- O relator do caso Master no Tribunal de Contas da União, Jhonatan de Jesus, quer promover uma inspeção nos papéis que levaram à liquidação do Master, alvo de críticas na corte.
- A leitura entre bastidores é de que ele tenta minar a liquidação do banco de Daniel Vorcaro ou atrasar a venda de ativos para quitar débitos com investidores lesados.
- A liquidação foi conduzida segundo uma cartilha técnica definida pela fiscalização, com o objetivo de encerrar as operações do banco.
- O Master utilizou fundos de pensão públicos sem rentabilidade e até laranjas como gestores de crédito, conforme apuração do Ministério Público Federal. Vorcaro ganhou destaque em Brasília por contatos com o centrão e membros do Judiciário.
- O presidente Luiz Inácio Lula da Silva comunicou, nesta semana, que quer entender a linha de atuação do TCU e do Banco Central, após pressão sobre o negócio que já envolve investigação da Polícia Federal e do Ministério Público Federal, o que gerou preocupação entre ministros da corte.
O relator do caso Master no Tribunal de Contas da União (TCU), Jhonatan de Jesus, propõe realizar inspeção nos documentos que embasaram a liquidação do Master. A medida gerou alerta entre ministros, técnicos da fiscalização e o Planalto.

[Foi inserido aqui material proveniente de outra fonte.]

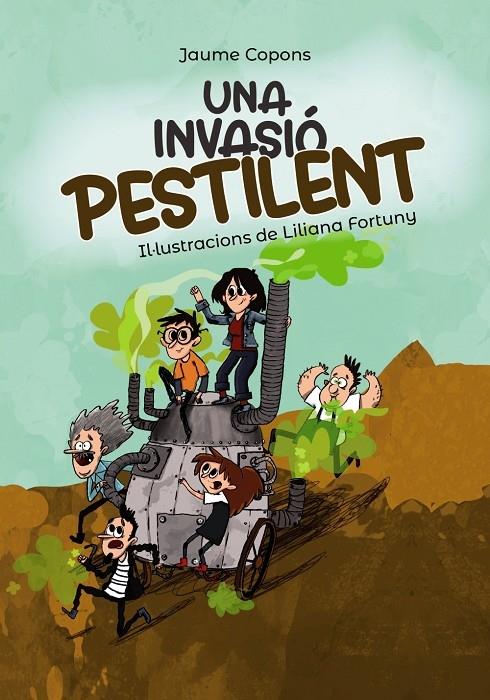 UNA INVASIO PESTILENT | 9788448945978 | JAUME COPONS / LILIANA FORTUNY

Alguns integrantes da corte enxergam a iniciativa como possível manobra para enfraquar a liquidação do banco de Daniel Vorcaro ou atrasar a venda de ativos, o que poderia quitar débitos com investidores lesados. A avaliação é de que o movimento pode ampliar a exposição do TCU.
A operação de liquidação do Master teve andamento técnico complexo e visou concluir a intervenção em instituição financeira privada, conforme relatos do Ministério Público Federal. O banco utilizou fundos de pensão públicos sem rentabilidade e chamou gestores sem respaldo patrimonial real.
Vorcaro, dono do Master, ganhou projeção em Brasília ao circular entre políticos do centrão e figuras do Judiciário, fortalecendo uma rede de lobby com outras instituições privadas do ramo. Jhonatan de Jesus é ex-deputado e teve apoio do centrão para chegar ao TCU.
Nesta semana, o presidente Lula acionou interlocutores para entender a meta do TCU ao pressionar o Banco Central em relação ao negócio sob investigação da PF e do Ministério Público Federal. A comunicação foi recebida pela corte com preocupação interna.
Ministros do TCU passaram mensagens internas lembrando que o Supremo ainda não confrontou o BC na empreitada, o que pode expor o tribunal a riscos de imagem e de processo, segundo relatos de assessores. A tensão envolve a avaliação de envío de sinais consistentes aos órgãos de fiscalização.